Skip the pictures. Retype exactly, and only, the lines between the line holding "Pınarbaşı'nı final heyecanı sardı" and the last line below, inclusive.

* DATASET CONTENT:
Start of Block

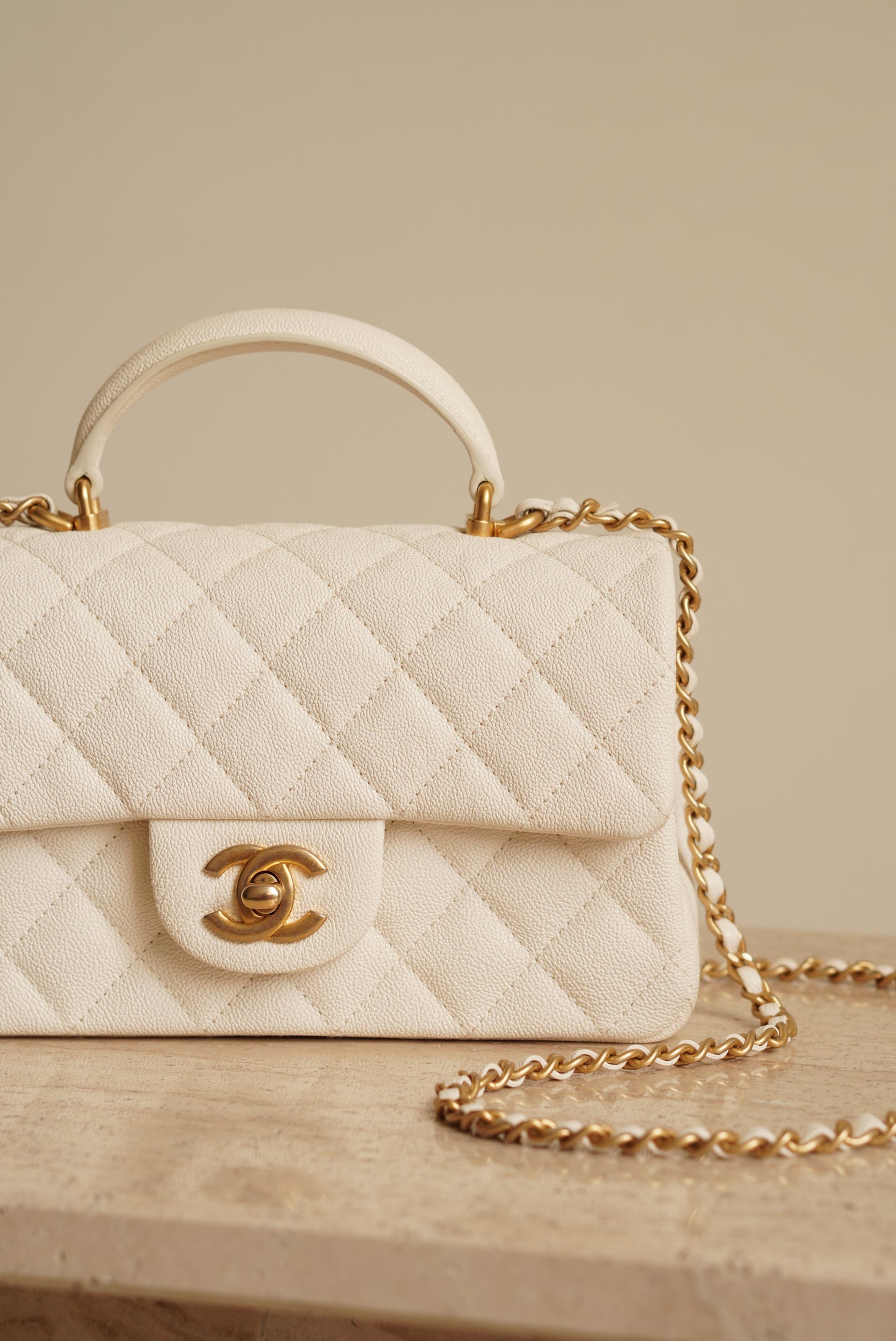 CHANEL 21S MINI RECTANGULAR TOP HANDLE | WHITE
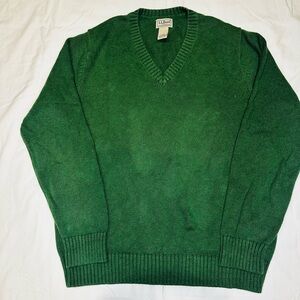 L.L. Bean Men's Forest Green V-Neck Sweater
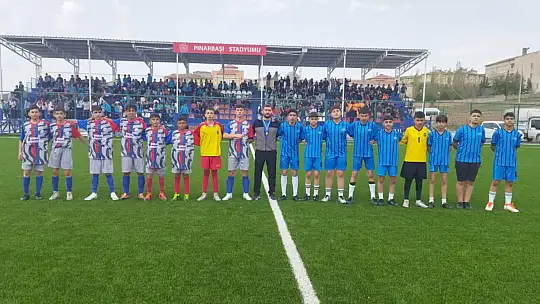 Pınarbaşı'nı final heyecanı sardı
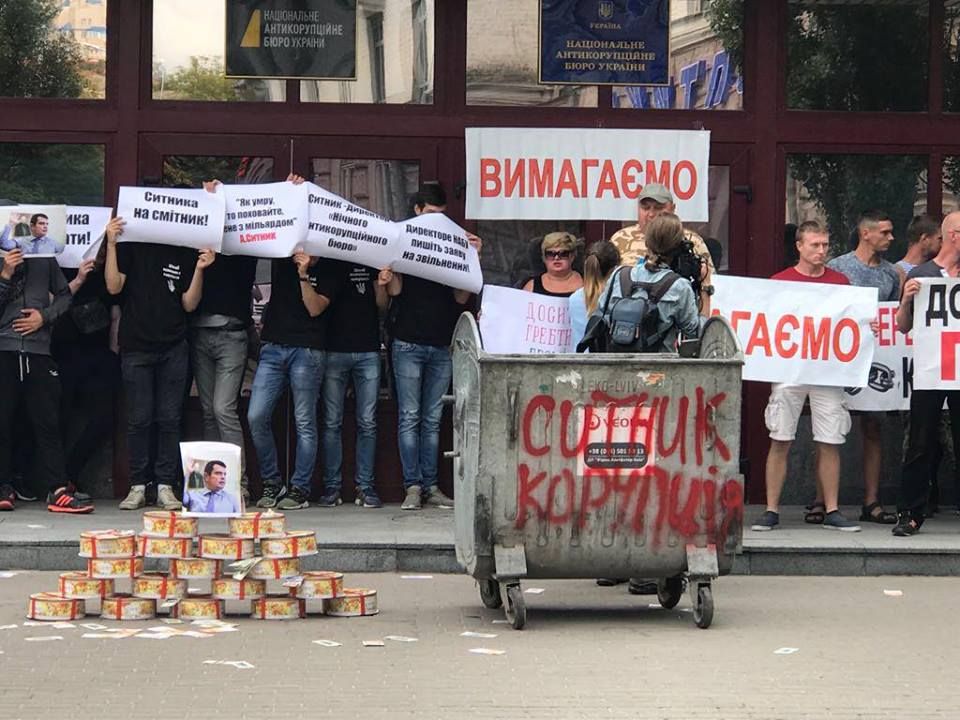 У Києві протестувальники виламали двері до НАБУ і влаштували там погром (фото)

End of Block

* TASK ANSWER:
 Pınarbaşı'nı final heyecanı sardı
 У Києві протестувальники виламали двері до НАБУ і влаштували там погром (фото)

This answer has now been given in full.